Иногда переговоры проходили в весьма экзотических условиях. Во время приезда Киссинджера в Москву, вспоминал Суходрев, Брежнев предложил поохотиться на кабанов. Государственный секретарь стрелять не стал, Брежнев одного кабана свалил, а другого ранил. Егерь отправился за ним в погоню. Остались Брежнев, Киссинджер и Суходрев, который достал из сумки продукты: батон белого, буханку черного, колбасу, сыр, огурцы, помидоры и бутылку «Столичной». Брежнев сказал Киссинджеру:
— Ну что, Генри, приступим? И не сиди без дела — бери нож и режь колбасу.
Суходрев перевел, и Киссинджер взялся за нож. Они втроем выпили бутылку, а разговор шел на важнейшую тему — об отношениях с Китаем. Брежнев требовал ответа: не затевают ли американцы союз с Китаем против СССР?
Киссинджер высоко оценивал Громыко, называл его мастером дипломатии.

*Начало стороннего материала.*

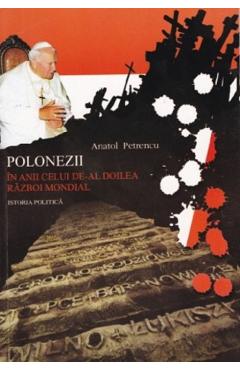 Polonezii in anii celui de-al doilea razboi mondial. Istoria politica - Anatol Petrencu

Советский министр не верил в счастливое озарение или в ловкий маневр. Это противоречило бы его врожденной осторожности. Он был неутомим и невозмутим. Если он выходил из себя, значит, эта вспышка была тщательно продумана. Громыко никогда не вступал в переговоры, не вникнув в суть дела. Было бы самоубийством начать переговоры с ним, не изучив досконально документов, признавался Киссинджер.
Андрей Андреевич воспитал целую школу переговорщиков, которые проявили себя умелыми профессионалами в этом самом трудном для дипломата деле. Участвовать в переговорах, когда их вел Громыко, было хорошей школой. Более молодые дипломаты записывали за своим министром умелые ходы и удачные, эффектные формулировки. Он умело выторговывал серьезные уступки в обмен на незначительные, пользовался нетерпением своих партнеров и вытягивал из них согласие. Он никуда не торопился, как бы исходя из того, что всегда будет министром.
Громыко был бесконечно терпелив. Он старался измотать противника, торгуясь с ним по каждому поводу, и, только убедившись, что лимон выжат до конца, переходил к следующему вопросу. Он накапливал второстепенные выигрыши, пока они не складывались в крупный успех.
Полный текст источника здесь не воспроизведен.